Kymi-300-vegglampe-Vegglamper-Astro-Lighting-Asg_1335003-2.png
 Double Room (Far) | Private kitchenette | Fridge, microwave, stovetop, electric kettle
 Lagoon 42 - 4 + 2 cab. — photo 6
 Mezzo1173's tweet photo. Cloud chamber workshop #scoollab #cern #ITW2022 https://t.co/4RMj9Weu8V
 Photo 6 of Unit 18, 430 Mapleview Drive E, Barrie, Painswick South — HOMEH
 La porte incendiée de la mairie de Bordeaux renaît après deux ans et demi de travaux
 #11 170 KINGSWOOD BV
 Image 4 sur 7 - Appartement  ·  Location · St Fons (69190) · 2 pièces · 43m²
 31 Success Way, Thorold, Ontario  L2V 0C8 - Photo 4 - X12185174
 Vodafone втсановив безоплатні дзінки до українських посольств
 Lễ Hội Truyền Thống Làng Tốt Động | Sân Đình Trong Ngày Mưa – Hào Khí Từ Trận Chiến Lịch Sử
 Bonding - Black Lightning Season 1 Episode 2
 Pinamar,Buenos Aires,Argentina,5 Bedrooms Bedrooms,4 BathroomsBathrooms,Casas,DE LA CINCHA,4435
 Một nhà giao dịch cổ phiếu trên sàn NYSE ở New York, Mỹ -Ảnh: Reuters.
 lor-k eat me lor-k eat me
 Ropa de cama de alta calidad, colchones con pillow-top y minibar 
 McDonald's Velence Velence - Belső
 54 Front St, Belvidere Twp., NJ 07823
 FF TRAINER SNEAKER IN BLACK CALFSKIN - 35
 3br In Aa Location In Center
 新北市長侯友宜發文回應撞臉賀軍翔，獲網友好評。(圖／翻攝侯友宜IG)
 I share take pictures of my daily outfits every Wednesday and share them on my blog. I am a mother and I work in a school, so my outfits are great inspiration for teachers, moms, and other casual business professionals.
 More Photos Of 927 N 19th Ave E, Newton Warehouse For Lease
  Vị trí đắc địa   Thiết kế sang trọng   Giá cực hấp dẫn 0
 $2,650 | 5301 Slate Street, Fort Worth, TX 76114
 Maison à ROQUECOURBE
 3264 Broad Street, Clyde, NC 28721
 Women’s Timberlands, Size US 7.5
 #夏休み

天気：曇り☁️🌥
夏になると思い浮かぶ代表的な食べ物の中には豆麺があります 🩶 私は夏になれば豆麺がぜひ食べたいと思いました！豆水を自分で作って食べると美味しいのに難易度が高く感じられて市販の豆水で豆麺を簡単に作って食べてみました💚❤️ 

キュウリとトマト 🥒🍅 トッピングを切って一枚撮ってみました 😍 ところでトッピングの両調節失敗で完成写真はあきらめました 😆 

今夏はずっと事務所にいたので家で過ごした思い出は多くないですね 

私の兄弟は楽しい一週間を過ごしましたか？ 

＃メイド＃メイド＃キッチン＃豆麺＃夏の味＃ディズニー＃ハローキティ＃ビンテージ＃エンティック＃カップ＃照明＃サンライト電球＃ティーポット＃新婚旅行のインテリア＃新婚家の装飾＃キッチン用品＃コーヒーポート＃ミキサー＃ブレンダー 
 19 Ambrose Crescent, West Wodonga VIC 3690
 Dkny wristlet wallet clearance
+++
* **What you are asked to do**: Set down, unchanged, only those lines above that fall between the line with "McDonald's Velence Velence - Belső" and the line with "新北市長侯友宜發文回應撞臉賀軍翔，獲網友好評。(圖／翻攝侯友宜IG)", the two end lines included.

* **Answer for the task**:
 McDonald's Velence Velence - Belső
 54 Front St, Belvidere Twp., NJ 07823
 FF TRAINER SNEAKER IN BLACK CALFSKIN - 35
 3br In Aa Location In Center
 新北市長侯友宜發文回應撞臉賀軍翔，獲網友好評。(圖／翻攝侯友宜IG)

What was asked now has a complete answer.